**Information given**
-*-*-

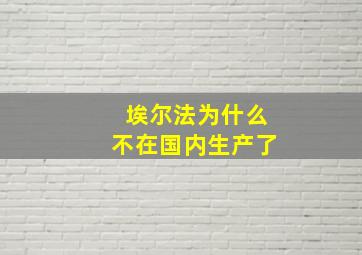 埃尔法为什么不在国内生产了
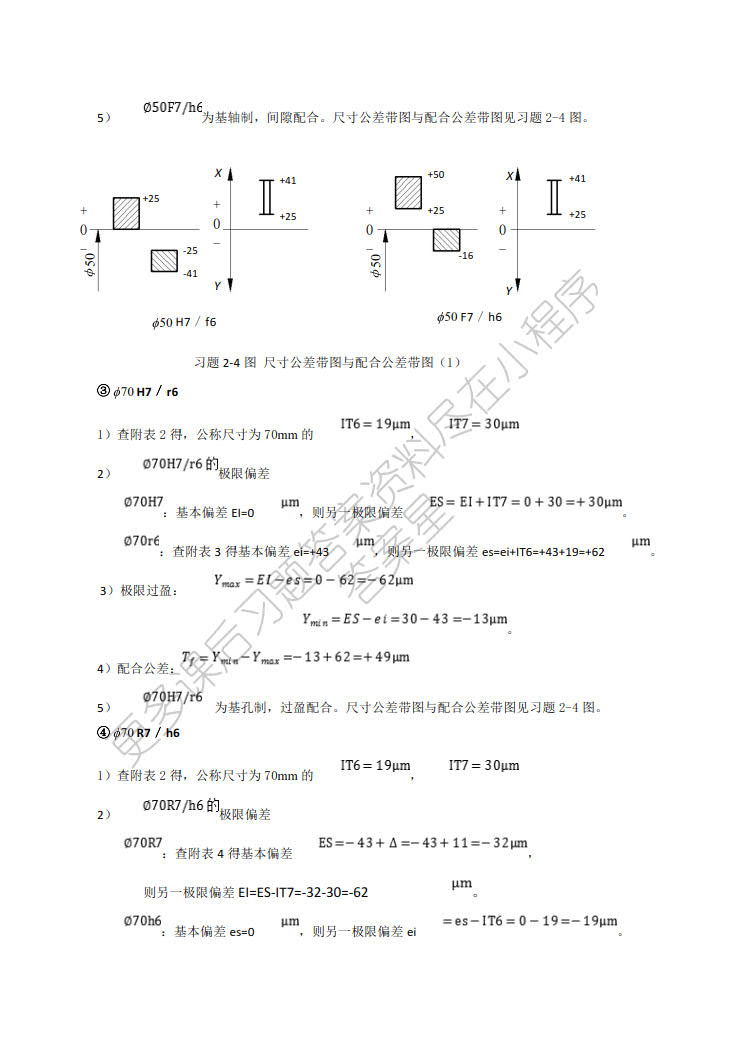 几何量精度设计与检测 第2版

-*-*-

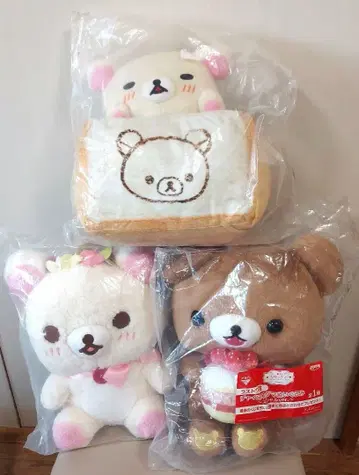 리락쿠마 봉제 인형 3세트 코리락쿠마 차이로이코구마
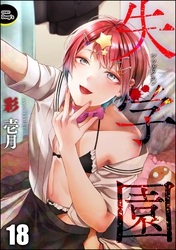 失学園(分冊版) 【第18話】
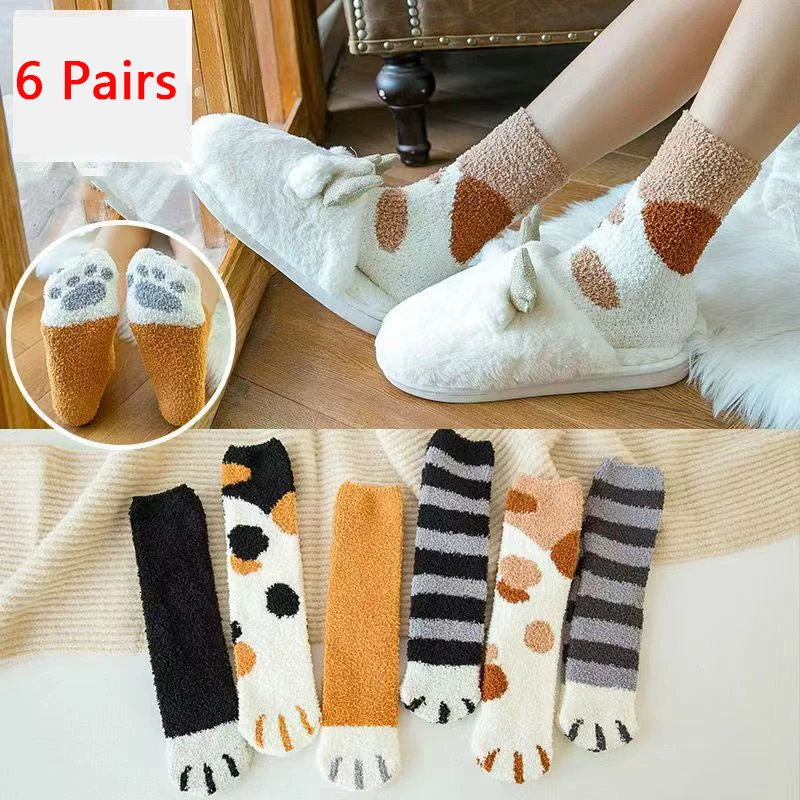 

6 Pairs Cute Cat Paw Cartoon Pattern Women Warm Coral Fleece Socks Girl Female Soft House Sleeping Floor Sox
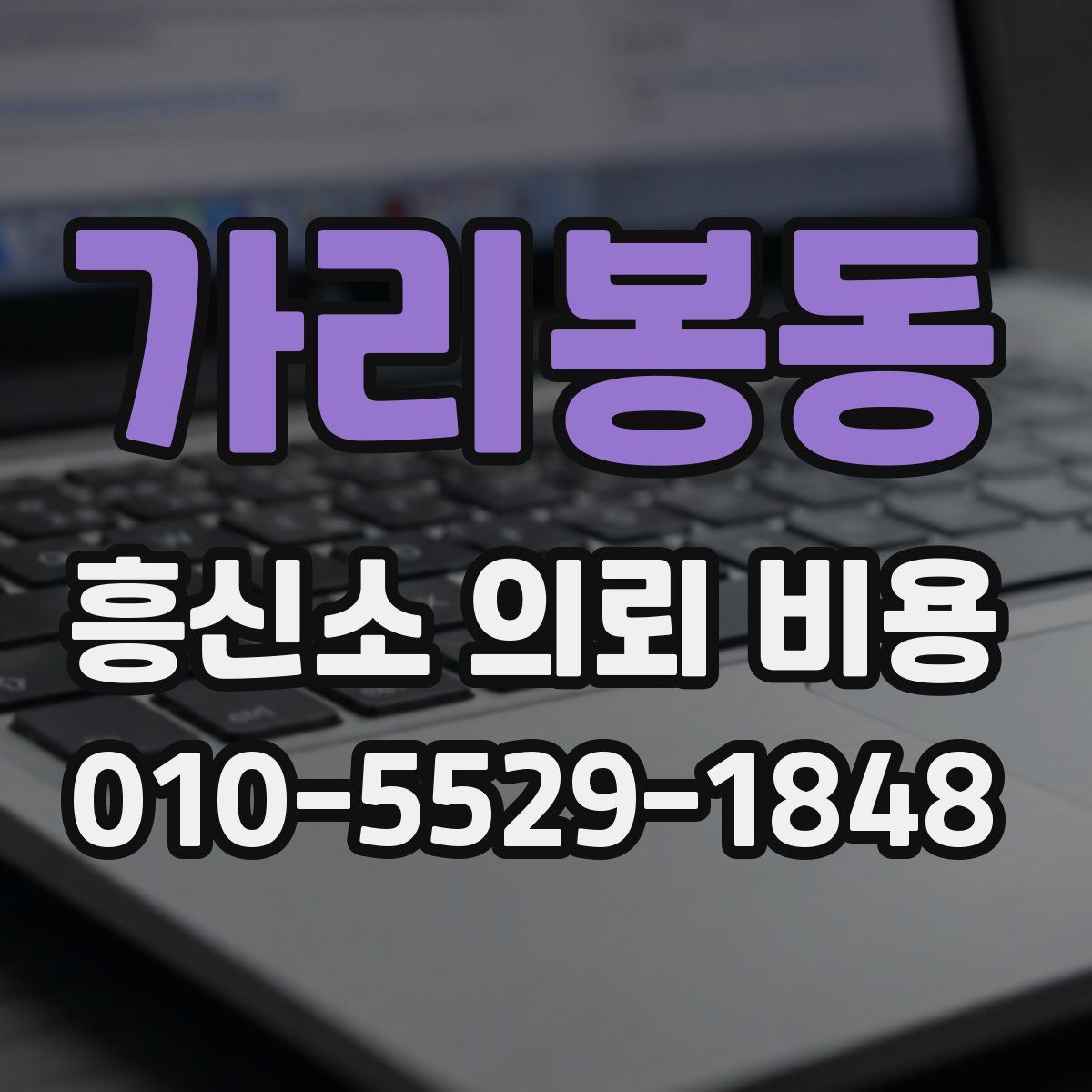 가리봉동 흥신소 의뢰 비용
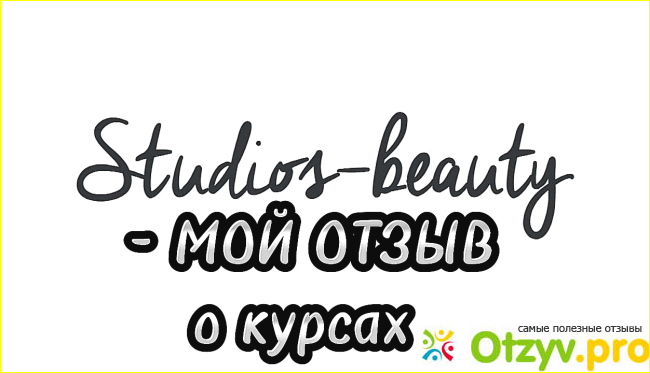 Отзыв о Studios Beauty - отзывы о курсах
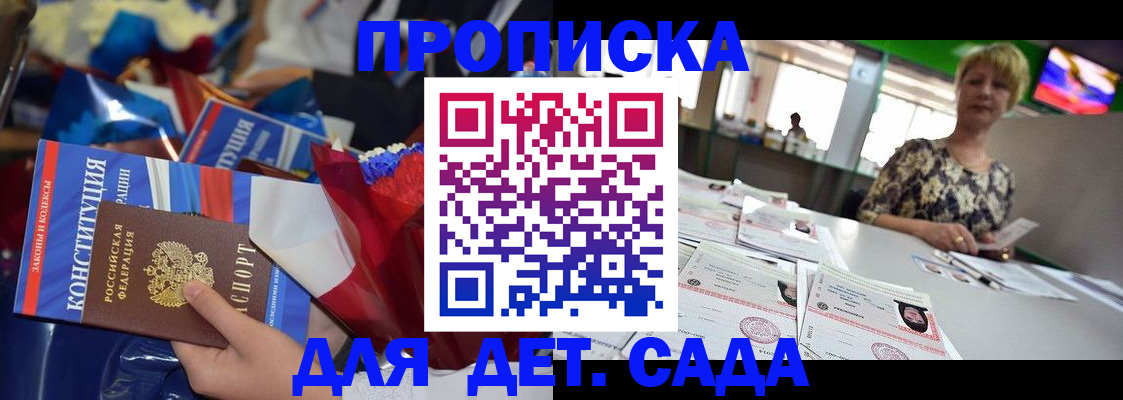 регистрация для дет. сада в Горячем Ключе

-*-*-

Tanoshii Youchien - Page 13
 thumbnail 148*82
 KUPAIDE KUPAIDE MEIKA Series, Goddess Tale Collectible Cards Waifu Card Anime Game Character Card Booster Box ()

-*-*-

**Exercise aim**
Copy only the lines above from the one containing "가리봉동 흥신소 의뢰 비용" through the one containing "регистрация для дет. сада в Горячем Ключе", both included. Leave out the pictures.

**Answer area**
 가리봉동 흥신소 의뢰 비용
 Отзыв о Studios Beauty - отзывы о курсах
 регистрация для дет. сада в Горячем Ключе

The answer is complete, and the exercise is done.